**Data supplied:**

####

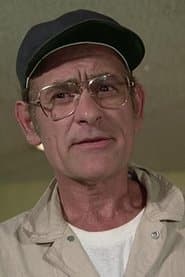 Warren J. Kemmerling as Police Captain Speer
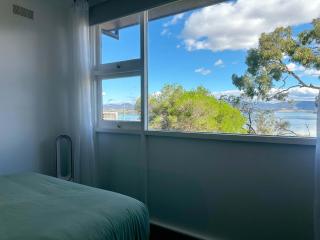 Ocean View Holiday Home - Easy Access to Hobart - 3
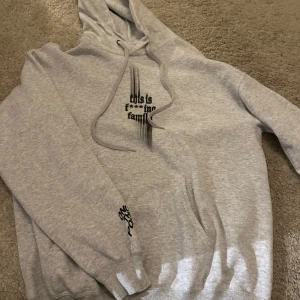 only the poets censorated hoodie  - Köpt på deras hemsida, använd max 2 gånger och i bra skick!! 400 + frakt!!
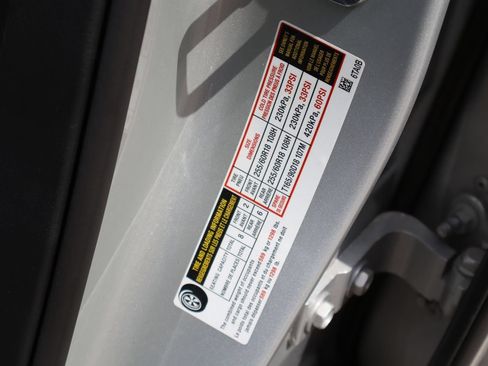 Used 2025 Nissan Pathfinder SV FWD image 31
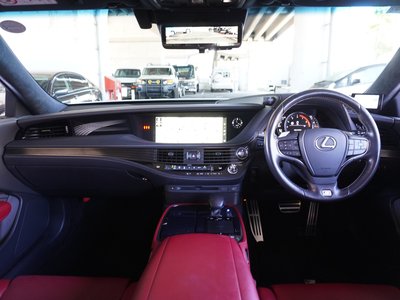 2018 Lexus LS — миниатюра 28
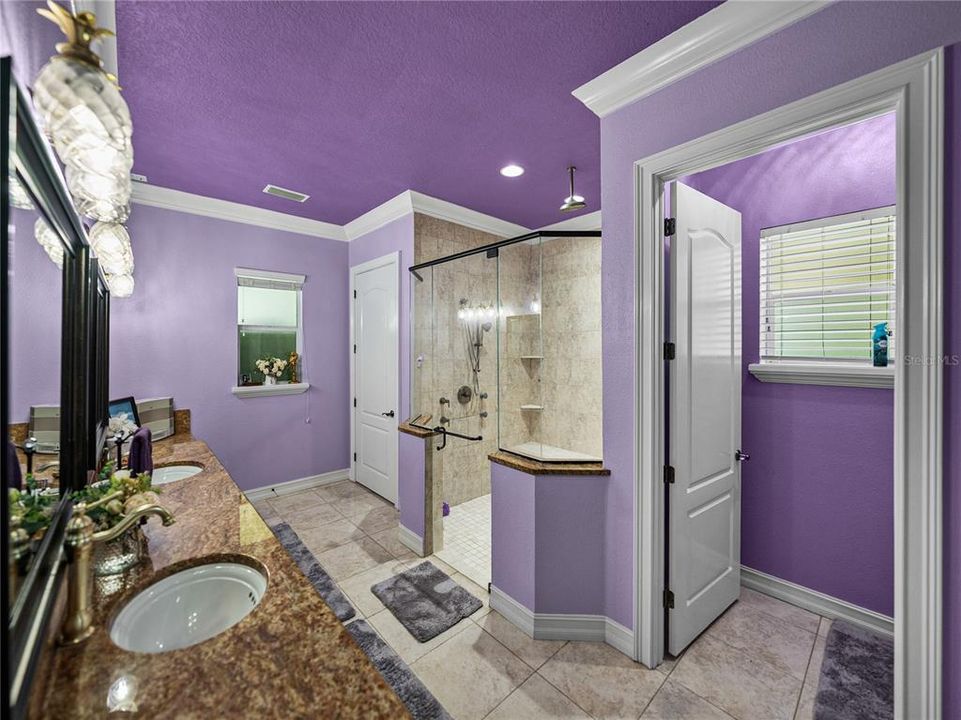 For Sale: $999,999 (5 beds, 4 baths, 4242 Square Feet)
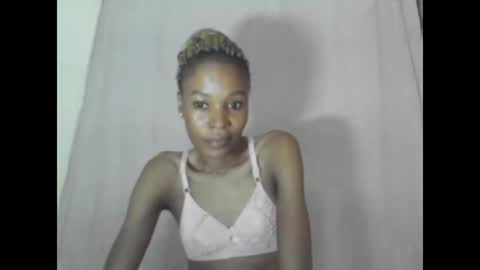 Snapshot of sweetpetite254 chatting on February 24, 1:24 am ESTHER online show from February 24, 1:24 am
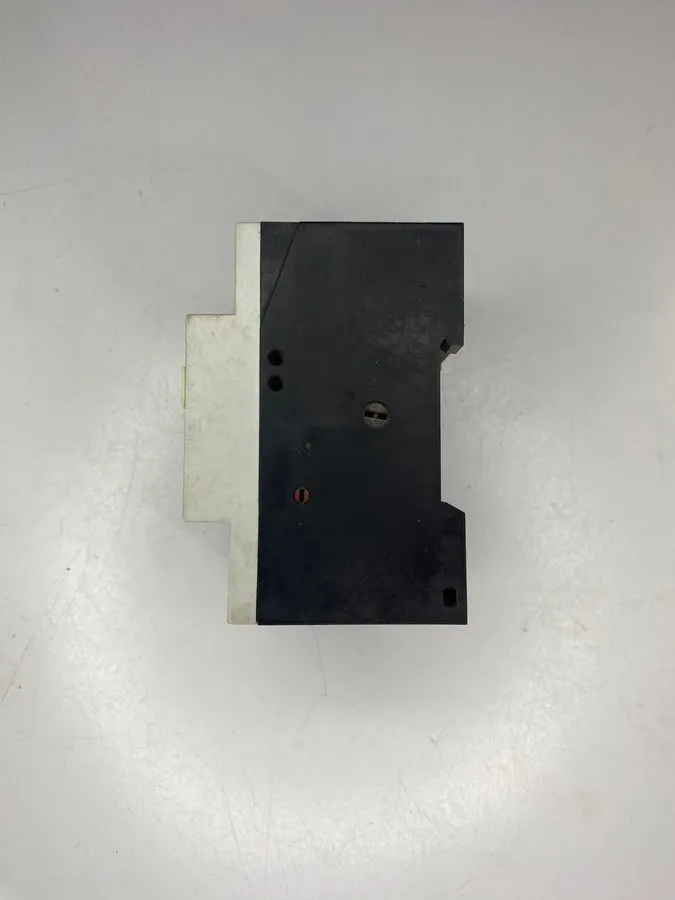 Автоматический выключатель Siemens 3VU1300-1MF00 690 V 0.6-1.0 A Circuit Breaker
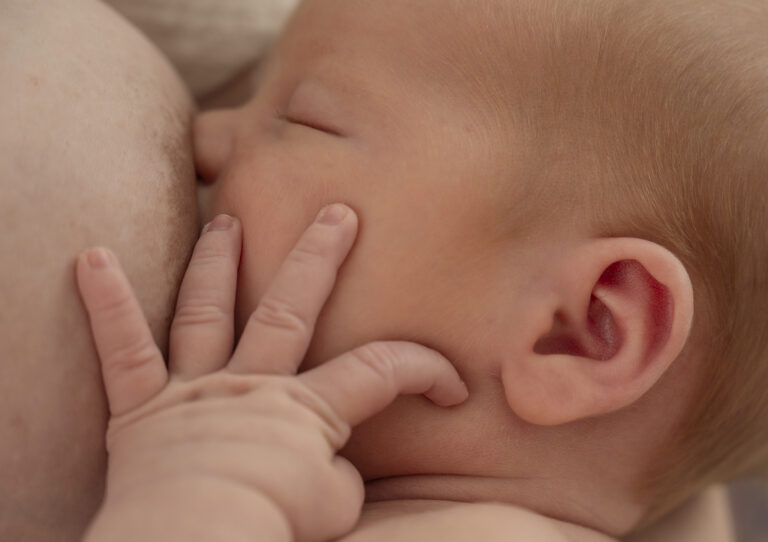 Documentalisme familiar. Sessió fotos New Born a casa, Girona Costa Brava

####

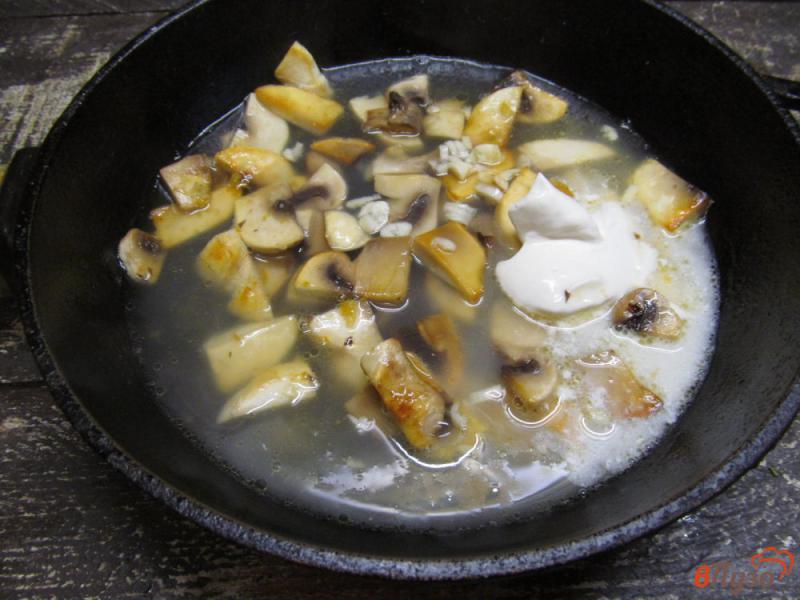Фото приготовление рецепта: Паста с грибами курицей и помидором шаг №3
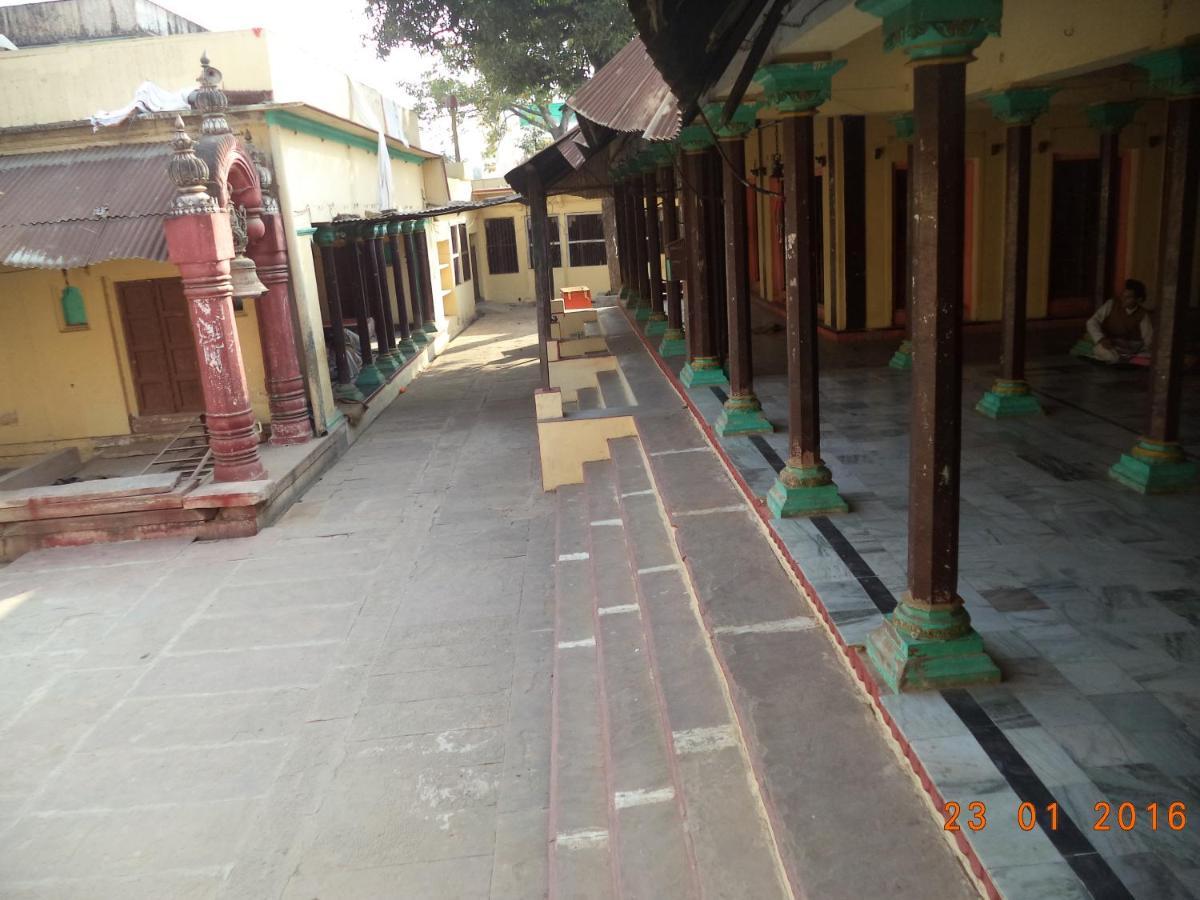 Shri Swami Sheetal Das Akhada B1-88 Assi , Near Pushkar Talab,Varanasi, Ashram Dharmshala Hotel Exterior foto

####

**Problem statement:** The material above holds pictures; leave them out. Repeat exactly the lines from the one containing "Used 2025 Nissan Pathfinder SV FWD image 31" through the one containing "Автоматический выключатель Siemens", and nothing else.

**Your solution:**
 Used 2025 Nissan Pathfinder SV FWD image 31
 2018 Lexus LS — миниатюра 28
 For Sale: $999,999 (5 beds, 4 baths, 4242 Square Feet)
 Snapshot of sweetpetite254 chatting on February 24, 1:24 am ESTHER online show from February 24, 1:24 am
 Автоматический выключатель Siemens 3VU1300-1MF00 690 V 0.6-1.0 A Circuit Breaker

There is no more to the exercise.